Danny Dunn and the Voice from Space Read online




  Contents

  COPYRIGHT2

  ACKNOWLEDGEMENTS3

  CHAPTER 14

  CHAPTER 210

  CHAPTER 318

  CHAPTER 424

  CHAPTER 529

  CHAPTER 635

  CHAPTER 742

  CHAPTER 849

  CHAPTER 955

  CHAPTER 1061

  CHAPTER 1167

  CHAPTER 1271

  CHAPTER 1376

  COPYRIGHT

  Copyright © 1967 by Jay Williams & Raymond Abrashkin.

  *

  Published by Wildside Press LLC

  www.wildsidepress.com

  ACKNOWLEDGEMENTS

  I am deeply indebted to Frank D. Drake for permission to use the concept of a binary-coded “interplanetary message” which translates into a dot picture, invented by him after Project Ozma.

  This book is for Benjamin Williams.

  CHAPTER 1

  Meeting with a Martian

  The boy with a mop of hair like a bonfire stood on a ledge of rock, shading his eyes and peering at the scene below. There was nothing especially exciting about it. What most people would have seen was a grove of quite ordinary birches and maples through which wound a little stream talking cheerfully to itself. But what Danny Dunn saw was a stretch of reddish soil on which grew tall rubbery-looking plants that swayed forward as if they were alive, while at their feet ran a hissing black river. And this landscape of another planet was so real for him that he stepped back a pace to avoid the groping branches of the alien trees.

  “Ow! Watch it!” yelled the completely human voice of his friend, Joe Pearson. “You stepped right on my foot.”

  “I’m sorry,” said Danny, making room for his friend on the ledge. He shook his head with a sigh as the strange landscape vanished from his mind’s eye. “I was just imagining what I’d see if we had landed on Mars.”

  “Mmph!” Joe grunted. “Do you see any doctors? I think my toe’s fractured.”

  “You’ll live,” Danny replied. “Come on. If we follow the stream we’ll get to that open meadow full of wild flowers. There are bound to be some butterflies there.”

  The boys picked their way down the slope, holding their gauze nets high to avoid tangling them in the underbrush. They were doing a joint project for their science class, but so far an hour’s hunting on this bright Saturday morning had produced only one white cabbage butterfly, the commonest and least attractive butterfly of all.

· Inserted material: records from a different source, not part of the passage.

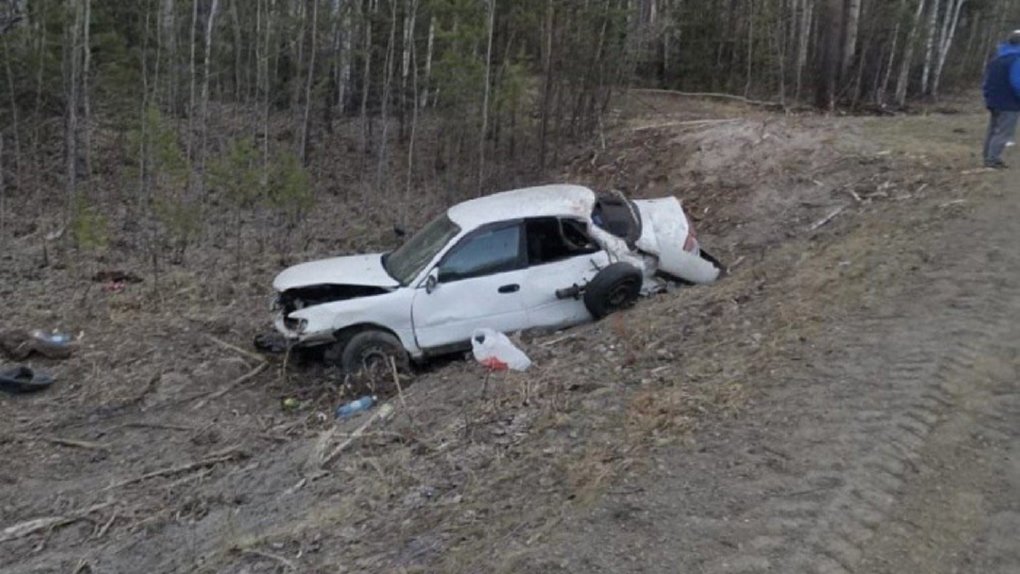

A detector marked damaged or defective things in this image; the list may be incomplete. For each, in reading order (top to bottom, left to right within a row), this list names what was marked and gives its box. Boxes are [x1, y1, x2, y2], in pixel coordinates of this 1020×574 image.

broken windshield [382, 214, 462, 286]
wrecked white car [266, 184, 720, 374]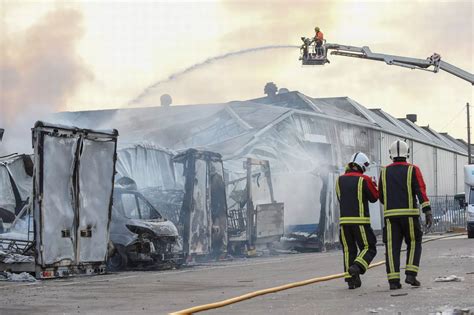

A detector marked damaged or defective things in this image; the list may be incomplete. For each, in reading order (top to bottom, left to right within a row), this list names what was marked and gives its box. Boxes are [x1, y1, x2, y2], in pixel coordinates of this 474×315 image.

charred truck trailer [0, 122, 118, 280]
burnt trailer [0, 122, 118, 280]
burnt vehicle [108, 181, 183, 270]
burnt vehicle [173, 149, 229, 260]
burnt vehicle [227, 159, 286, 256]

  As they walked beside the water, Joe said, “You’re really figuring on getting to Mars some day, aren’t you?”

  “Sure,” said Danny. “Aren’t you?”

  Joe’s long, mournful face grew even longer and sadder. “What for?” he said. “I want to be a writer when I grow up. There aren’t any readers on Mars. No people, no places, no oxygen in the atmosphere, nothing but a few measly bacteria, and they won’t buy books.”

  “We don’t know there’s no intelligent life there, Joe. We may get some surprises. Anyway, think of the adventure of setting foot on another world.”

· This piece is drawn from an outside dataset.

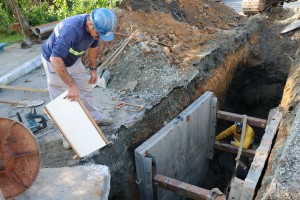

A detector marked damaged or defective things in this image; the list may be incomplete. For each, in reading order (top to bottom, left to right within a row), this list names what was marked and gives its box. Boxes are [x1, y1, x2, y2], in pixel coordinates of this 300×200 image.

  “Uh-huh. I’m thinking of it. Launching right off the earth in a little tin case, getting space-sick, and being bombed by meteorites. Then you land a million miles from home and take out a hot dog and discover that you forgot to bring the mustard. Some adventure.”

  “It’s a good thing I know you so well,” said Dan, “or I’d think you were afraid.”

  “You’d be right,” Joe said. “Joe Pearson, Boy Coward, that’s me.”

  Danny laughed. “But it would be a marvelous adventure, no matter what you say. To step out on ground different from anything we can imagine! To see things nobody’s ever seen before. And more than that—maybe to meet people, or living things completely different from people, and try to talk to them, understand them, find out wonderful new things from them. Gosh! I’d give anything for the chance.” His freckles vanished in a flush of ecstasy at the mere thought.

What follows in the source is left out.